The non-economic incentives and expectations driving migration will also remain strong. Mexicans may see free trade as making the border a mere formality or as conferring an entitlement to live in the United States. North of the border, free trade may well further the U.S. government's traditional complacency about border controls. Industrial job growth in Mexico will tend to absorb the best workers and lower the average skill levels of those left who will enter the migrant pool.

Over the long-term, however, a successful free trade agreement could reduce immigration by improving Mexicans' political freedom and quality of life, diminishing the prospects of mass asylum movements from Mexico, creating a better climate for effective family planning, and luring marginal, immigration-magnet industries from the U.S. to Mexico.

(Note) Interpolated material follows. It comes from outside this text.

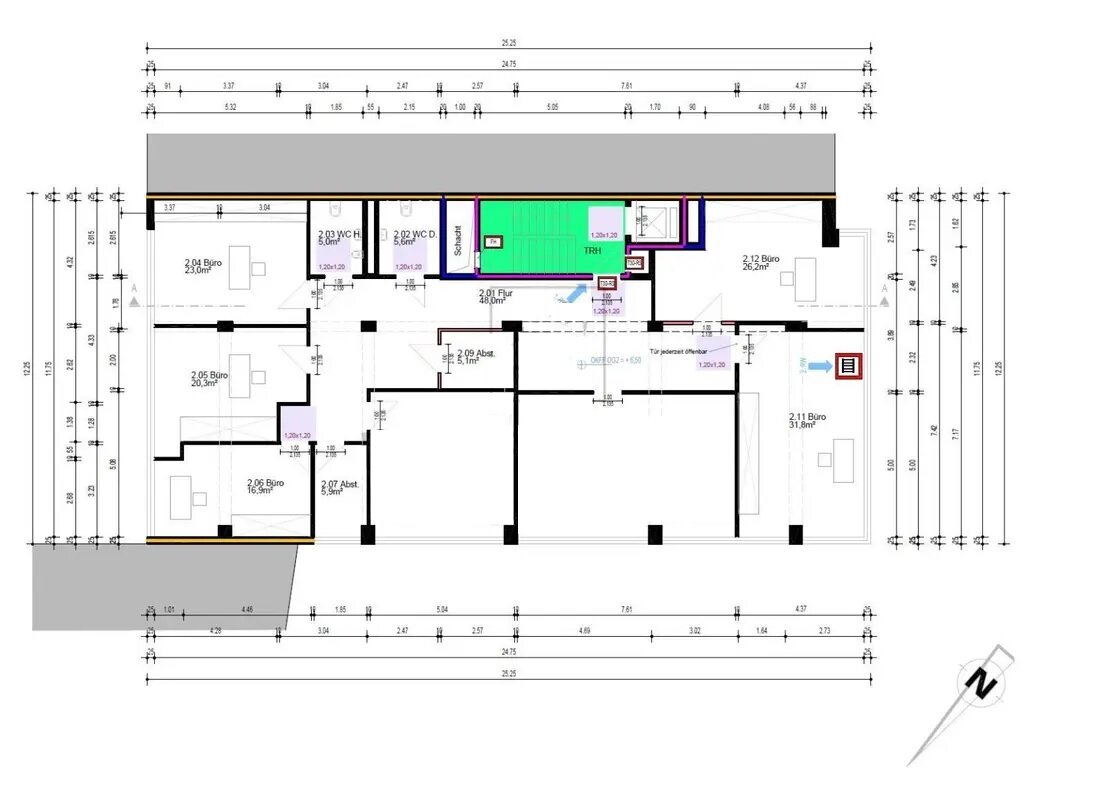 Bürofläche zur Miete 16 € 520 m²<br/>Bürofläche ab 260 m²<br/>Teilbarkeit Neustadt - Süd Köln 50677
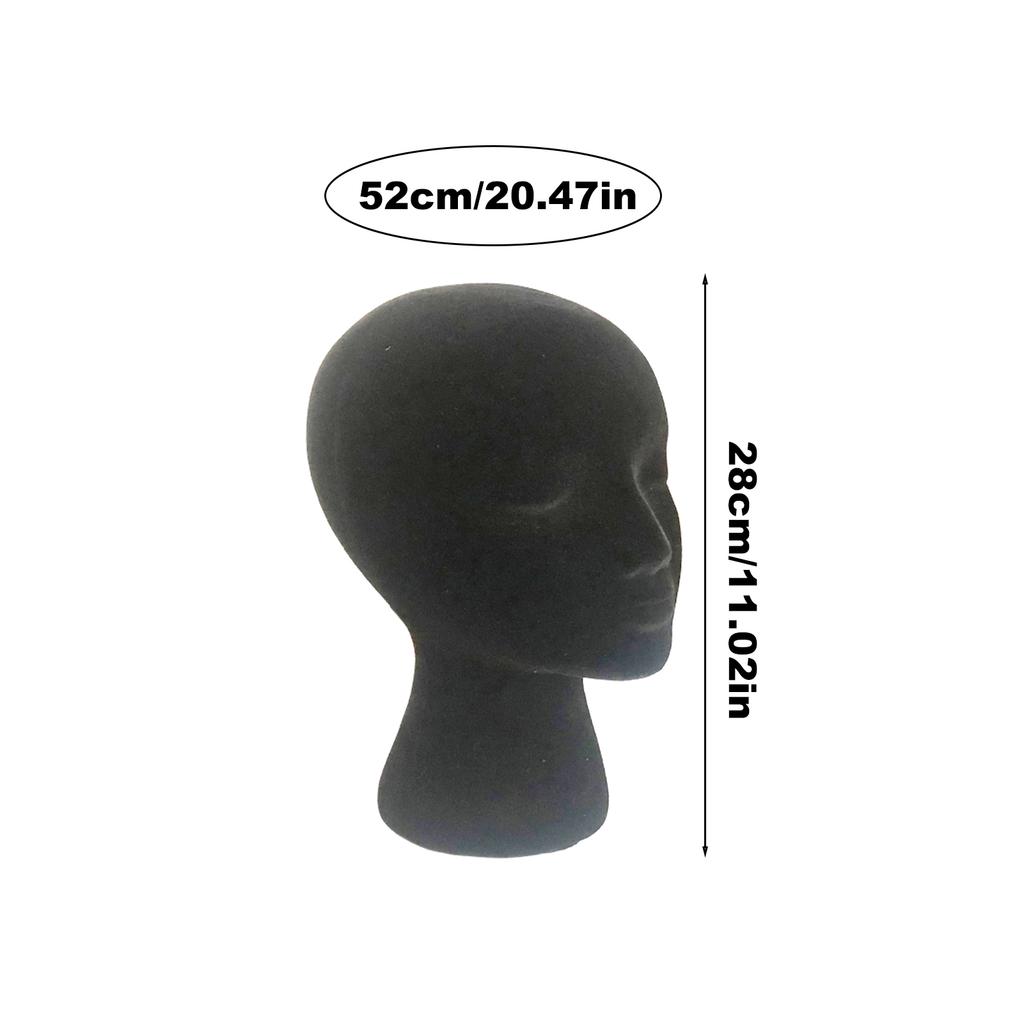 Female Styrofoam Mannequin Manikin Head Model Faceless Cosmetics Display Stand For Hair Travel Salon Hairpieces Model Hats Style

In the United States, less skilled American workers and settled aliens in some industries and regions will be particularly vulnerable to job displacement and other disruptions from free trade. Particularly at risk will be workers in perishable crop agriculture, border retail trade, construction, apparel, and light manufacturing such as furniture, auto parts and glass. Continued heavy immigration of Mexican and other foreign workers into those industries and communities will further impede the adjustment of resident workers by competing for jobs and consuming public resources needed for retraining and job search.

To ease the adjustment of displaced workers, the u.s. must make Mexico's cooperation in restraining immigration a condition for free trade. Mexico's cooperation should include:


  • enforcement of its own laws against clandestine border crossing;
  • action against alien smugglers, document forgers and transiting illegal aliens from Central America;
  • curbs on the reentry of aliens deported from the United States.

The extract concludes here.